6/24/20 by Ronnie Katz Gerber
Having a child is a big decision. It changes your priorities, your budget, your freedom, your body. And sometimes this decision is not between couples, or single people, but between a lab, you, and the insurance company. And even having all the players in place does not guarantee success or an easy ride. Imagine when one something goes wrong. Or, it takes more and more time. More and more money. More and more pain, inconvenience and frustration. You need a solid belief and a solid workable plan.

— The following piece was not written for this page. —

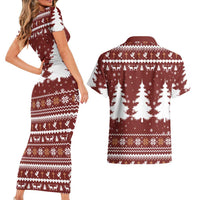 Christian Noel Christmas Couples Matching Short Sleeve Bodycon Dress and Hawaiian Shirt Xmas Holiday Patterns - Wonder Print Shop
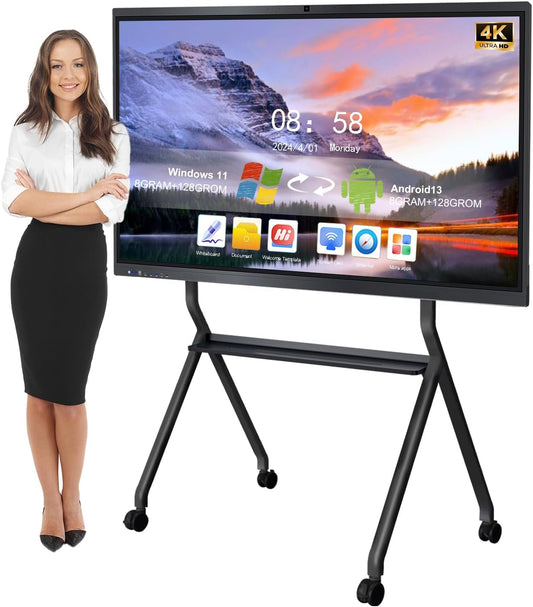 Smart Board,55" Smart Board for Classroom Office Home, 4K UHD Touch Screen Open Dual System Smart Whiteboard,Digital whiteboard with 48MP HD Camera(Board+Wall Mount Included)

I’m a grandmother. A Bubbe to two wonderful healthy granddaughters. Ruth, the youngest, was created, as I love to quote my daughter, the old-fashioned way in 2012. And what a surprise. This was five years after her older sister Shira was born in 2007. It took my daughter Rebeccah and her husband Eugene three years of in vitro methods. Legs up in the air. Proscribed diets. And there were many brief pregnancies. There was the actual morning sickness that gave hope each time. There were shots. Bekka, as I call her, had to self-inject painful needles days on end. There was her husband, forever holding her hand and going to appointments with her. And sharing the bad news. But they are a team and they wanted a child. Badly enough to go through this. Until…. The insurance company cuts you off and cancels your policy. Until your eyes are red from crying. Until you’ve all but given up hope. My daughter and her husband were not sure this had to be the end of the line, though. Bekka is a powerful partner in a nationwide law firm. This is not to boast but to show what determination and critical thinking can do. Gene, as we call her husband, is no slouch either. He and his family own and operate an international wigs manufactory. If any two can do it as one, well-you can guess. She created a new insurance policy from her office and allowed her husband’s to fall away. Being able financially to carry the burden of the out of pocket costs, which are many many thousands of dollars, they went ahead. Within a year they had a sustainable pregnancy. And lovely Shira is ours to behold. Quite a journey.

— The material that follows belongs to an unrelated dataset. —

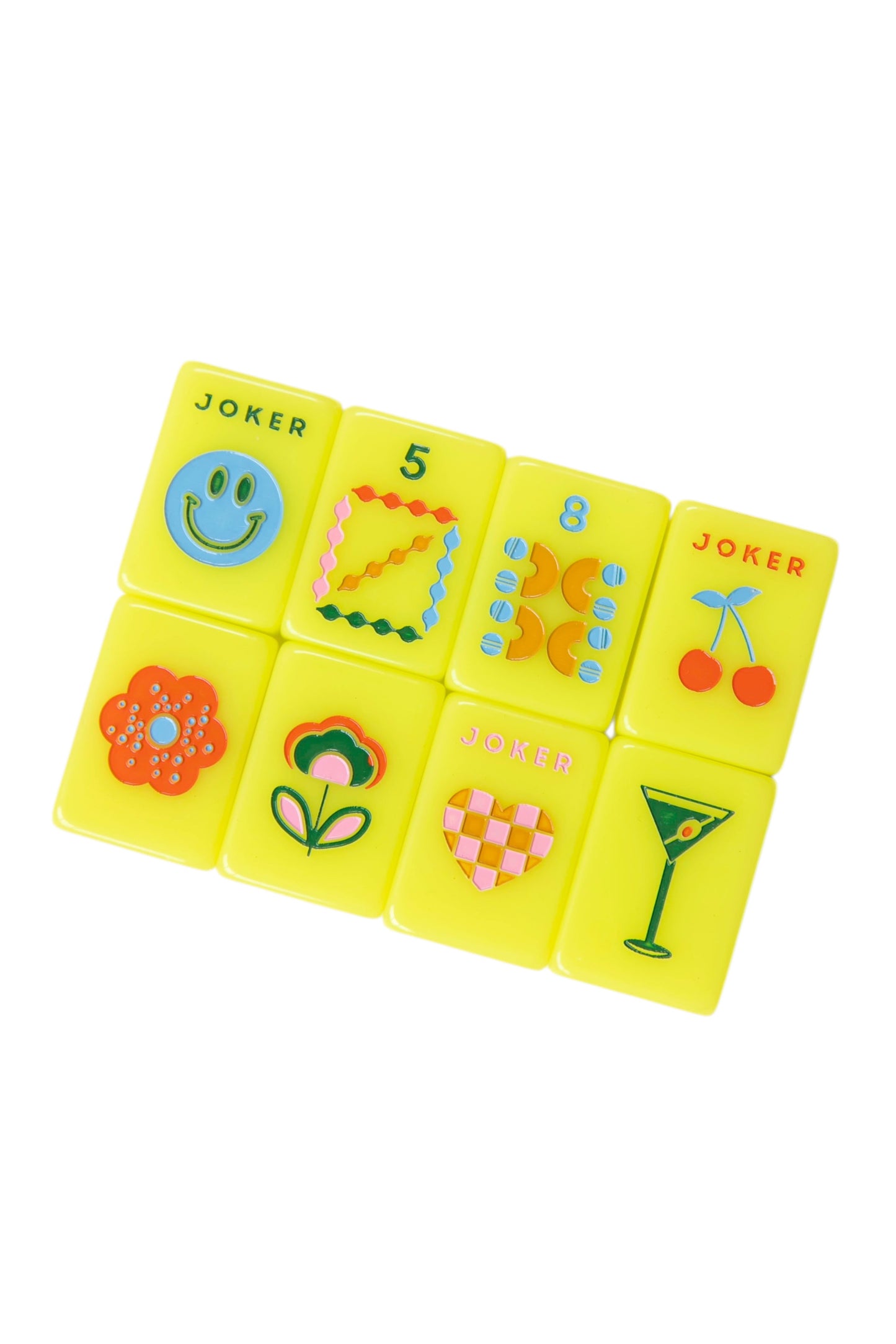Mod Chartreuse Mahjong Tiles + Tile Pouch + Dice - Wholesale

Then there’s Tami, a single adult who doesn’t see marriage in her future. But she definitely sees herself as a caring mother. She is also well-healed financially. I will keep bringing this up because it seems only the wealthy can go through this process and become parents in the new modern alternative way. There were two political issues she had to overcome. First, an insurance company that had a policy for ‘test tube’ babies, and second, a sperm lab that would take a single woman as a viable client. These hurdles took years for Tami to surmount. If she got one, she couldn’t get the other. Getting them both at the same time and to the extent that they could and would carry her through the entire process proved uncertain and unsteady. There were loopholes and time delays, there were repeated searches for proof of financial stability. There were psychological tests and sortings that the sperm bank wasn’t used to processing or doing. It takes two, they insisted. During this process Tami, an activist, dove into the structure she was trying to worm through. An advocate by nature, she began to tear away at the red tape and prejudices the institutions represented. And the money. The time and the money. The search and the dedication, the longing for a child of her own. After a few years of this hard scrabble fight and advocacy in congress, Tami found the right combination of insurance and sperm bank. She is a happy mother of a happy, well-adjusted teenager today.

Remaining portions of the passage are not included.